Sheikh Tamim bin Hamad Al-Thani would not be drawn on whether Europe was right to sanction Russia Creative Commons
Sheikh Tamim bin Hamad Al-Thani would not be drawn on whether Europe was right to sanction Russia

Russian gas is essential to the global market and Qatar does not have the capacity to replace supplies to Europe with liquefied natural gas, the Gulf state’s Emir has said.

The European Union (EU) imposed sanctions on Russian oil imports in March in response to Moscow’s invasion of Ukraine, pledging to wean itself off Russian energy. 

The sanctions are intended to limit Russia’s financing ability for the war.

Europe is facing an energy crisis of both supply and pricing, as Russia has indefinitely halted most gas flows to Europe in response to the sanctions. 

European prices have skyrocketed by nearly 400 percent since the war began owing to lower supplies from Russia and analysts have warned fuel will rise further as the impact of the conflict continues to be bite.

“We want to help Europe and we will supply gas to them in the coming years,” Sheikh Tamim bin Hamad Al-Thani, Emir of Qatar, told French Magazine Le Point in an interview republished on Wednesday by the state-owned Qatar News Agency. 

“But it is not true that we can replace Russian gas. Russian gas is essential to the global market.”

The Emir said Qatar, the world’s largest liquefied natural gas (LNG) producer, took the risk of investing in gas since the 1980s and 1990s because the Gulf state anticipated the importance of the energy source in the future.
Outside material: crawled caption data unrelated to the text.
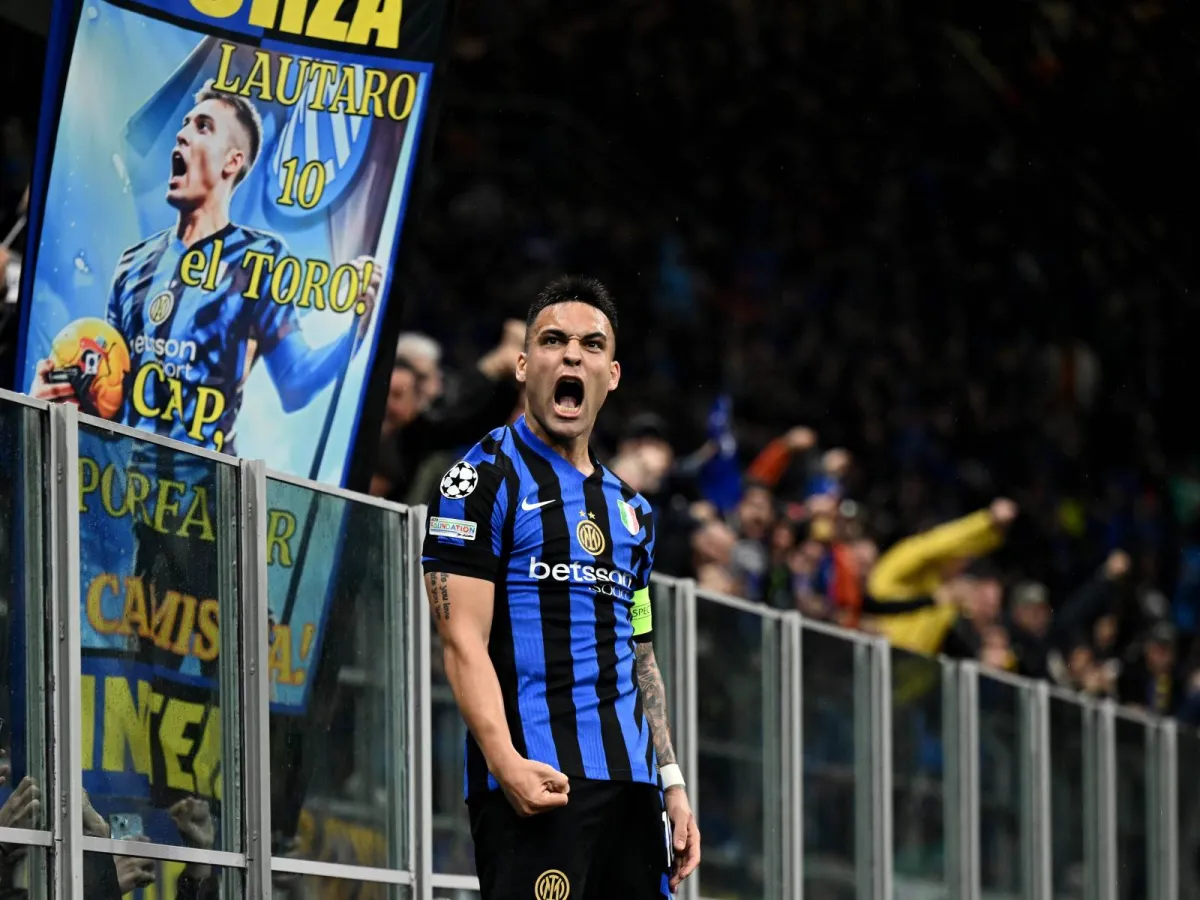 Lautaro: "Muxlislarimizga minnatdorman"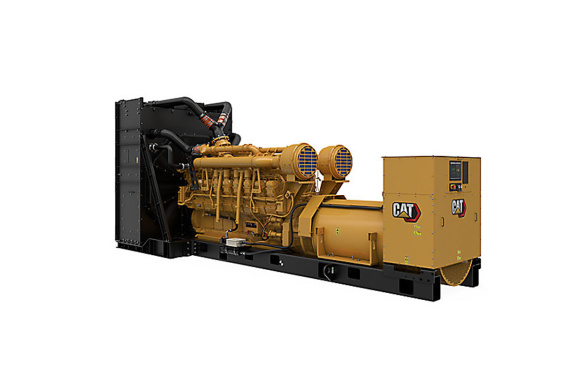 卡特彼勒CAT®3516C（60 Hz）燃氣發電機組高清圖 - 外觀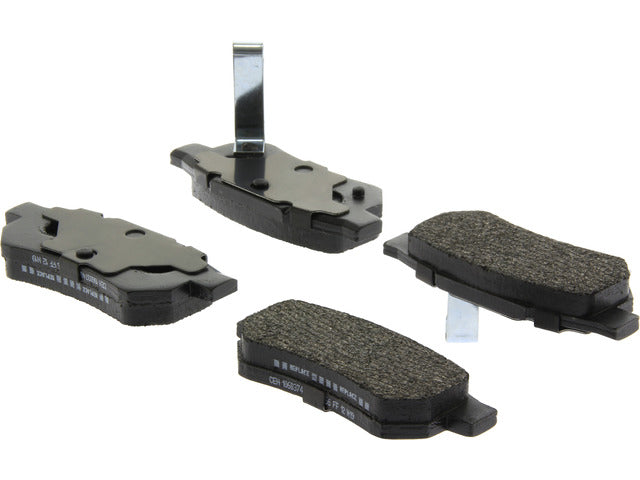 Disc Brake Pad Centric Parts 106.03740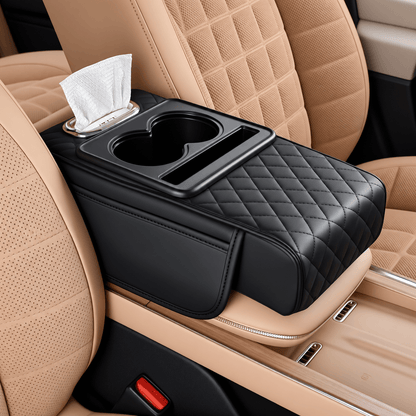5 in 1 car armrest cushion
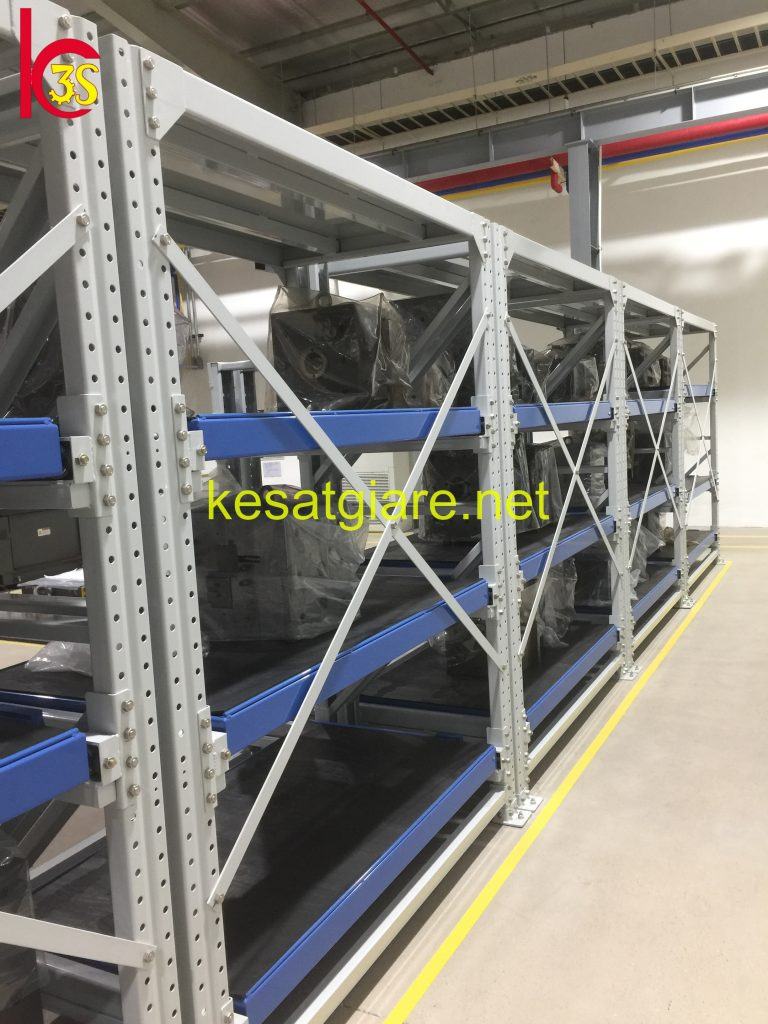 Kệ sắt giá rẻ, kệ kho công nghiệp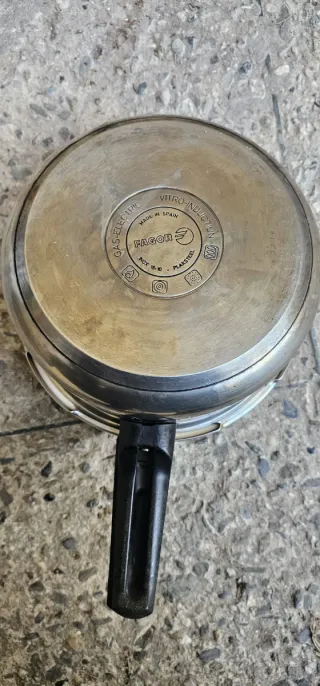 Olla a presión Fagor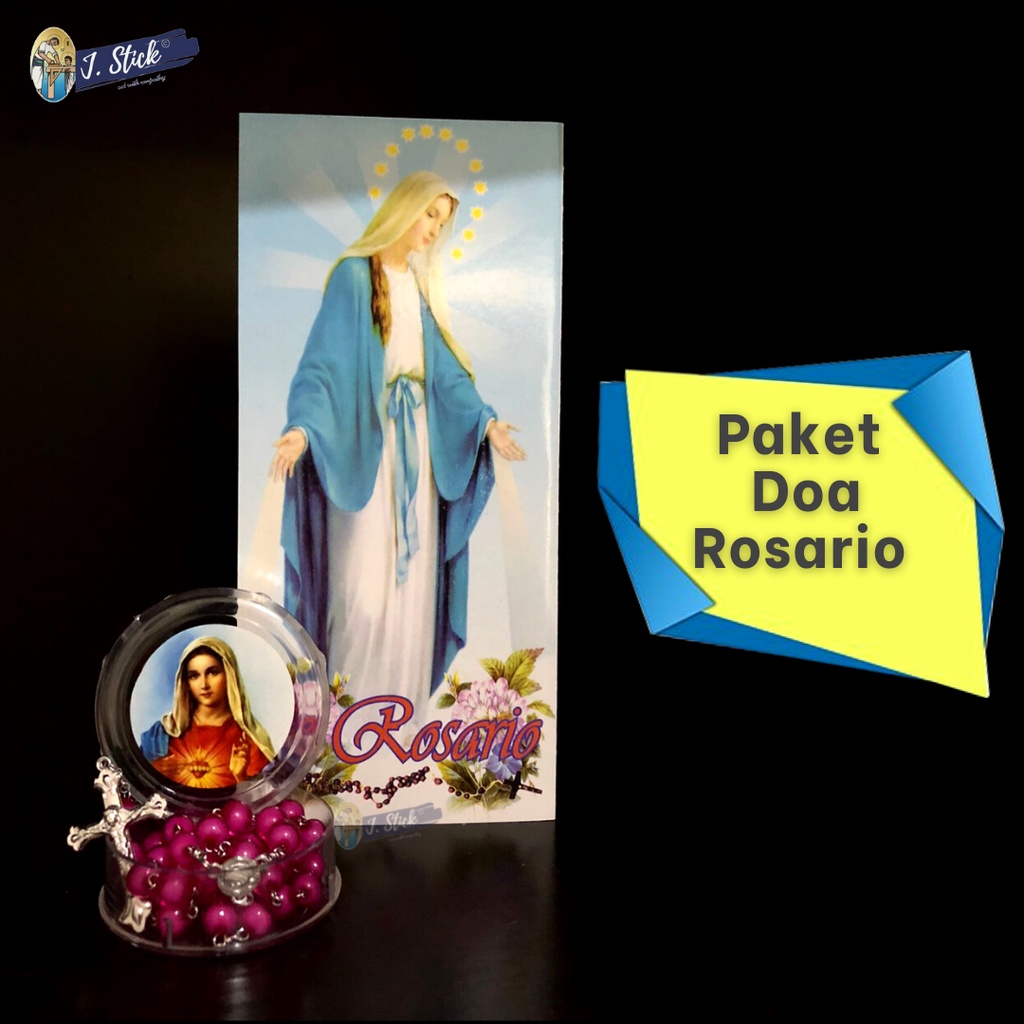 Paket DOA ROSARIO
“And a few years ago, we did it again by increasing our LNG production, although the global trend at the time was to get rid of these energies and focus on those that were then considered ‘clean’, like solar and wind,” he said

“But I can tell you that LNG is also clean energy. And gas is very important for the upcoming transition period. The war in Europe complicates the situation enormously, but the problem was there before.”

Qatar’s gas supplies have become crucial as Europe struggles to find a solution to reduce its reliance on Russian energy.

Historically, Doha’s biggest market for energy has been Asia but it also supplies to Europe through long-term agreements and on the spot market.

Russia supplied the EU with 40 percent of its natural gas in 2021. 

Germany, Europe’s largest economy, was the largest importer in 2021, followed by Italy.

“We must be careful about the types of sanctions that complicate things for the entire world,” Al-Thani said when asked if the Europeans were right to sanction Russian energy.

“In this case, I cannot judge whether Europe was right or wrong. But we can only observe the problems that the lack of energy is creating in Europe now.

“The most important point is that we are all suffering from the situation, whether it is in terms of energy or food. That is why the war in Ukraine must end. We have to find a solution.”

Al-Thani said gas, particularly LNG, will continue to play a key role in the global energy supply.

“It will be very important for the transition period, and in the longer term, in the energy mix,” he said. 

“And it is clean. For example, we have invested a lot in technologies that allow for the reduction of flaring and carbon capture.

“And let us not forget, we are talking about our problems, but there are a billion people on the planet who still do not have access to electricity.”

The Qatari ruler’s words come as the Kremlin on Wednesday played down the impact of lost gas sales to Europe, saying other buyers would be able to offset European demand.

“Europe is not the only consumer of natural gas and not the only continent that needs natural gas,” Kremlin spokesman Dmitry Peskov said in a Reuters report.

“There are regions developing at a much faster pace. They can compensate for the [reduced] demand for [Russian] gas in Europe,” he said.

Among countries benefiting from a drop in Russian energy exports to Europe are India and China, which are buying more, and cheaper, crude from Russia this year.

S&P Global Ratings reported yesterday that European energy markets are anticipating major policy changes by the first quarter of next year, with several reforms in discussion to address the energy crisis.

The agency said some of the options include decoupling gas and capping the price of EU gas imports or gas used for power generation.

“Last quarter – particularly the last three weeks of it – suggest that Europe’s power and gas exchanges are not functioning as intended,” Emmanuel Dubois-Pelerin, S&P Global Ratings’ sector lead for Europe, Middle East and Asia utilities, said. 

“We believe that the degree to which the EU and UK’s selected policy actions could help stabilise and increase the predictability of Europe’s power and gas markets, as well as utilities’ liquidity and overall credit quality, will depend on how quickly measures can be implemented and how they work together.”